Veronica had two kids out of wedlock with a guy who left her and who now only
feels fatherly toward the first of them. "How do I get him to be a good father
to the second child?" seems to be the question Veronica wants to ask Dr. Laura.
But the good doctor of physiology sees an opportunity to kick Veronica's sinful
butt, and she isn't going to let it pass by.
"You went and had two kids out of wedlock with a guy you couldn't count on,"
Dr. Laura says. "You created this for her. You knew what he was like."
"No . . . ," begins Veronica.
"Yes, you already told me the story. Don't try to get out of it," says Dr. L.
"My question is . . . ," begins Veronica.
"Now that you've told me this, what's the question?" Dr. Laura interrupts.
Veronica starts to ask the question.
"Veronica, what's the question?" Dr. Laura interrupts again. Finally Dr. Laura
cuts her off. "When you pick a guy like that, this is what happens. You've got
a problem. I don't think there is an easy solution." End of discussion.
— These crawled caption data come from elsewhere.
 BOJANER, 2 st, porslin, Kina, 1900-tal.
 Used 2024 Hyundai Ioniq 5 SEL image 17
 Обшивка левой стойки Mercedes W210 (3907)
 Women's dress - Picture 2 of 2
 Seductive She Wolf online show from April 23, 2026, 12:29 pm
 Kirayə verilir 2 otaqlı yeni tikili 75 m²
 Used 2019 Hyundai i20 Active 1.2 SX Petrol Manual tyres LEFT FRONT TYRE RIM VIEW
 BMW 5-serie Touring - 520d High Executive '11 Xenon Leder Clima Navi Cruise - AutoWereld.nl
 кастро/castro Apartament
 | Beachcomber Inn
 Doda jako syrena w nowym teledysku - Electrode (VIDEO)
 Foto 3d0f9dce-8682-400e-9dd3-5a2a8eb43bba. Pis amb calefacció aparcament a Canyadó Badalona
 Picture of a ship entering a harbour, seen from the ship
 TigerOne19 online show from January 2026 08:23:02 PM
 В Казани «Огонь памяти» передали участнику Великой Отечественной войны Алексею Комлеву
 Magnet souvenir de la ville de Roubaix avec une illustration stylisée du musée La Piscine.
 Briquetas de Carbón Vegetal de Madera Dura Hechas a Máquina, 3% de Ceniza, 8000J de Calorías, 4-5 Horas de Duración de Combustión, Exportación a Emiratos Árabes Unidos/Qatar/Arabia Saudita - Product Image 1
Thus we see how Dr. Laura's first principle in theory -- "kids come first" --
runs aground on her first principle of action -- "blame the caller whenever
possible." In her rush to judge the evil sinner woman, Dr. Laura forgets all
about the innocent young daughter who needs her help.
A guy named Charlie calls the show and says his girlfriend of six months is
pregnant. He says it was a mistake, and he isn't sure it would be a good idea
to marry her. Dr. Laura says he must. They go back and forth over the issue,
and she finally hangs up on him. After the next call she comes back to the
subject:
"Making a mistake is different from doing something wrong," she says. "A
mistake is unintentional. Doing something wrong is intentional. Then, when it
doesn't work out, we call it a mistake." So far, so good -- invigorating tough
love from the radio jock doc! But then she adds: "All over the world for
thousands of years people have had arranged marriages in which they built
strong loving relationships because it was their personal decision to do so."
Hey, doc, people had slaves for thousands of years too -- must we
emulate them? Just because it's better to have two parents than one doesn't
mean that a hellish marriage beats none at all. But it's this ayatollah streak
that her followers like. There are no shades of gray. And the whip feels so
good when it stings.
"I want to doubly thank you for your moral stances," Dustin tells her. He and
his wife are worried about whether they should leave their kids with alcoholic
relatives. You might think a simple no would suffice, but Dr. Laura is not in
the mood for answers. "You needed me for that?" she asks. "You needed me for
that?" Then she hangs up on him.
"I am my beautiful little girl's daddy," says Steve, waving the verbal shield
in front of him. Steve has an abusive wife who has pulled his hair out of his
head. He's getting a divorce, and he thinks his daughter is better off without
him in the home, because his wife doesn't fly off the handle when he's not
around.
"That's crap! Self-serving garbage!" Dr. Laura says. She keeps interrupting
him, so he never quite gets his question out, and then she hangs up on him.
My 12-year-old daughter, who has been listening to the Dr. Laura show with me,
finds her as appalling as I do. "First she says, `Don't tell me about the
story, just ask the question.' She's rushing them," my daughter observes. "But
then she says, `I can't answer the question, I don't know enough about it.'"
At this point, I realize that I have exposed my daughter to the same bad Dr.
Laura influence that Dr. Laura has gone out of the way to avoid exposing her
own son to.
I've made a big mistake. No, I mean, I've done wrong. I'd better call Dr.
Laura and take my lumps. I know just how to begin: "Hi, Dr. Laura, I'm the
father of my daughter, and I have sinned."